Alison Knowles

The Boat Book

Aug 19–Sep 10, 2015
55 Delancey St, New York

For her second exhibition with James Fuentes, Fluxus artist Alison Knowles will present the most recent addition to her oversized book project, which debuted at Something Else Gallery in New York with The Big Book, 1966. These books are built as installations organized around a spine, a fully immersive reading experience. From 1966 through 1969, The Big Book traveled to venues in Canada, Europe and the United States. A seminal work within Knowles’s career, its influence led her to further investigations of the format with The Book of Bean, 1981 and a more intimately tactile work, The Finger Book of Ancient Language, 1982.

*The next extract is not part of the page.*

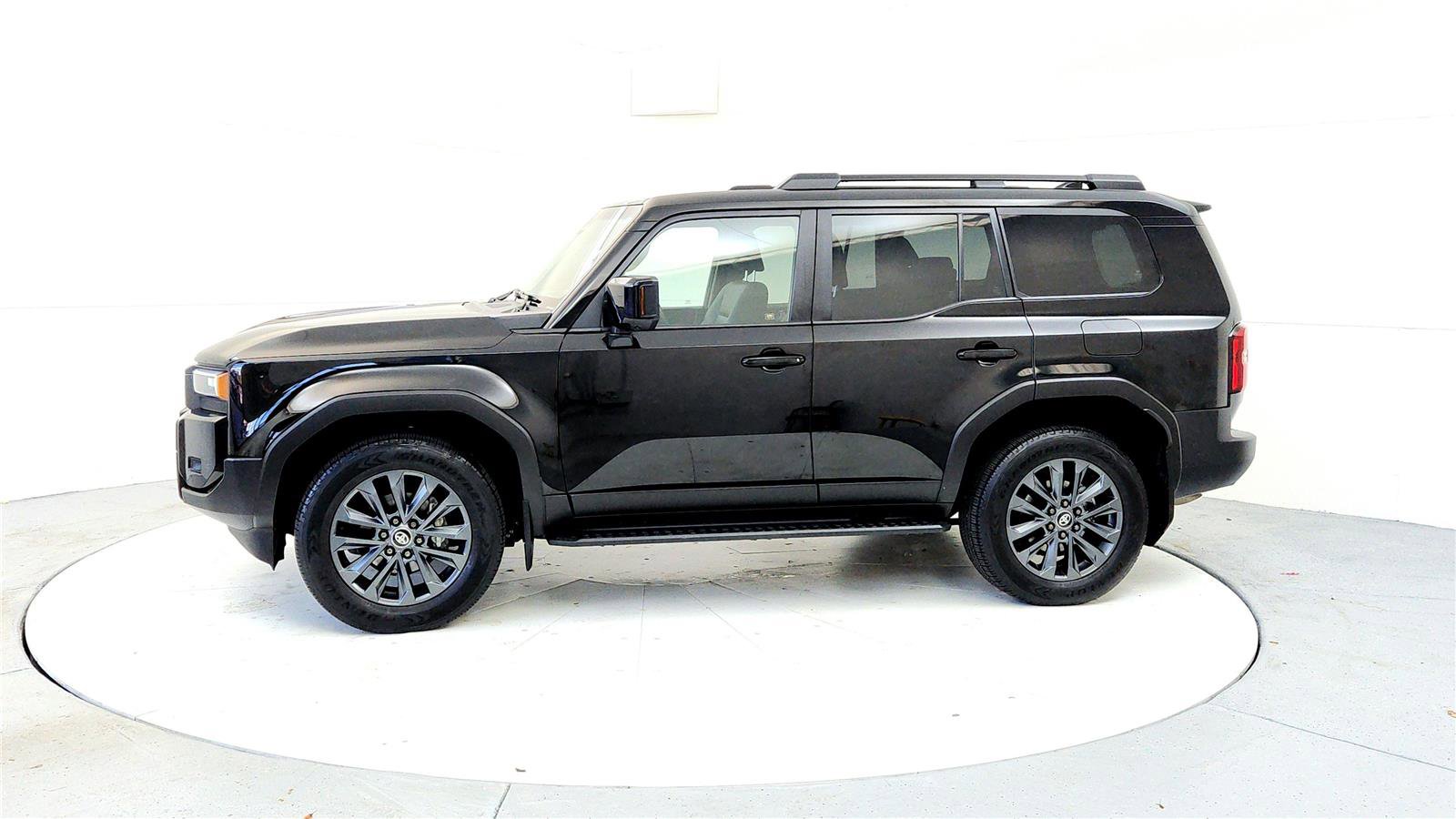 Used 2024 Toyota Land Cruiser image 3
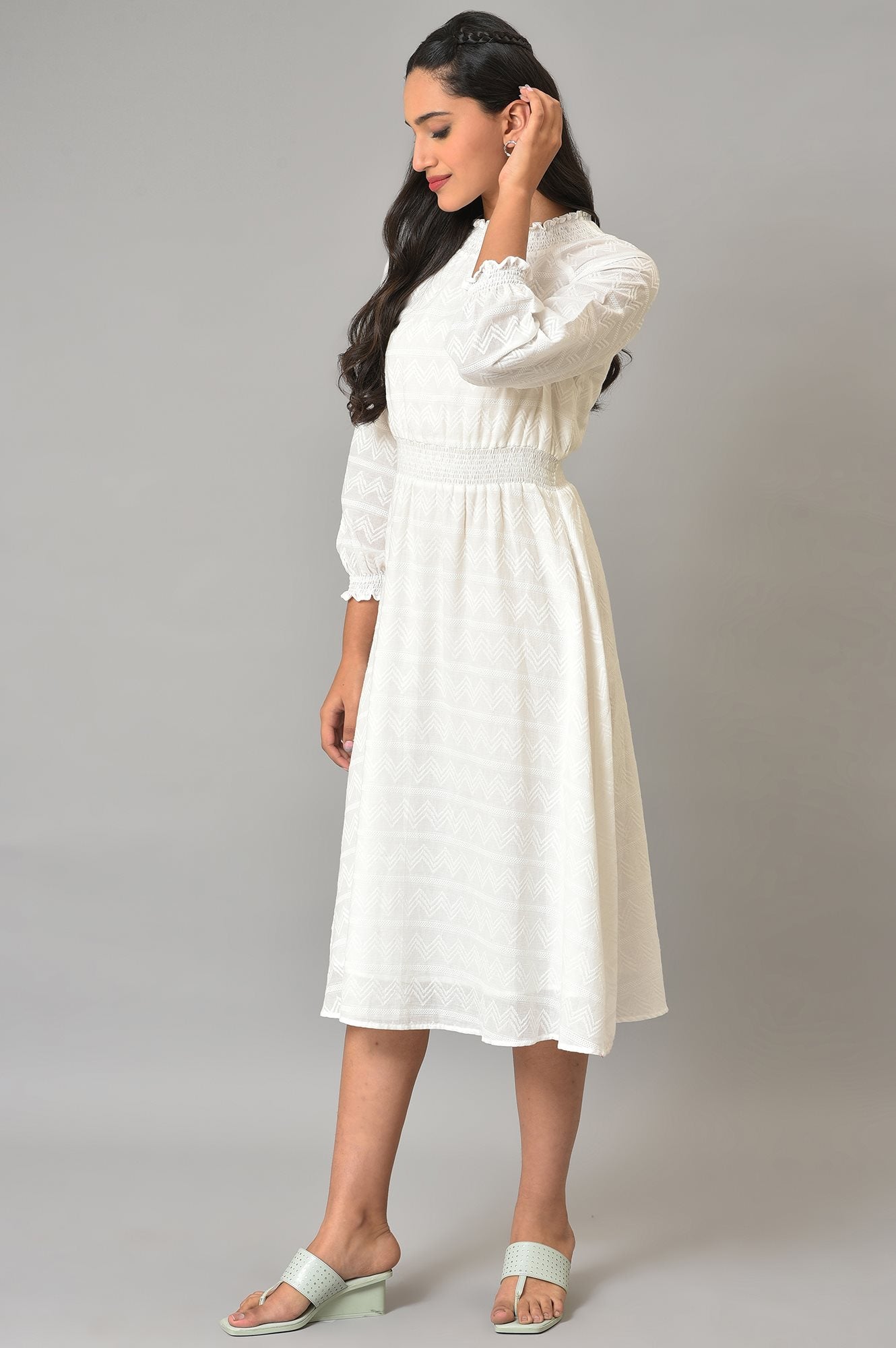 https://cdn.shopify.com/s/files/1/0776/0419/2550/files/23FEA13852-605267_3.jpg?v=1769756226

With The Boat Book, 2014-2015—which debuted at Art Basel Miami Beach—Knowles continues this investigation in a sculptural work whose structure is comprised of eight wood-framed pages, each four feet wide by eight feet high, on a central axis. Casters are attached to the bottom edge of each page, allowing them to turn. Each page presents an opportunity to literally go through it - whether by window, hole or tunnel - to the following page, creating a sequence of environments within the confines of the book. Like the experience of reading a traditional, hand-held book, the viewer/engager/reader of The Boat Book is completely absorbed in the exploration. Culling from sources as varied as a barn on the coast of Long Island, an old ship yard, the beaches of Lake Michigan and the New York Public Library Photo Collection, the nautical references and materials of The Boat Book render an ode to the artist’s older brother, Lawrence Beckwith Knowles, a fisherman working on the fishing vessels in East Hampton since the 1950’s. True to the concept of intermedia, which was developed by Knowles’ late husband, the Fluxus artist Dick Higgins, The Boat Book is not a work that can be easily categorized. It is interdisciplinary in nature, embodying a juncture between sculpture, installation, sound work, performance, and of course, the book format. Inclusion of elements such as photography, collage, assemblage, silkscreen, inkjet print, handmade paper, beans, and personal ephemera, further expand the breadth of the work, tackling notions of the literary, the visual and self-reflexivity.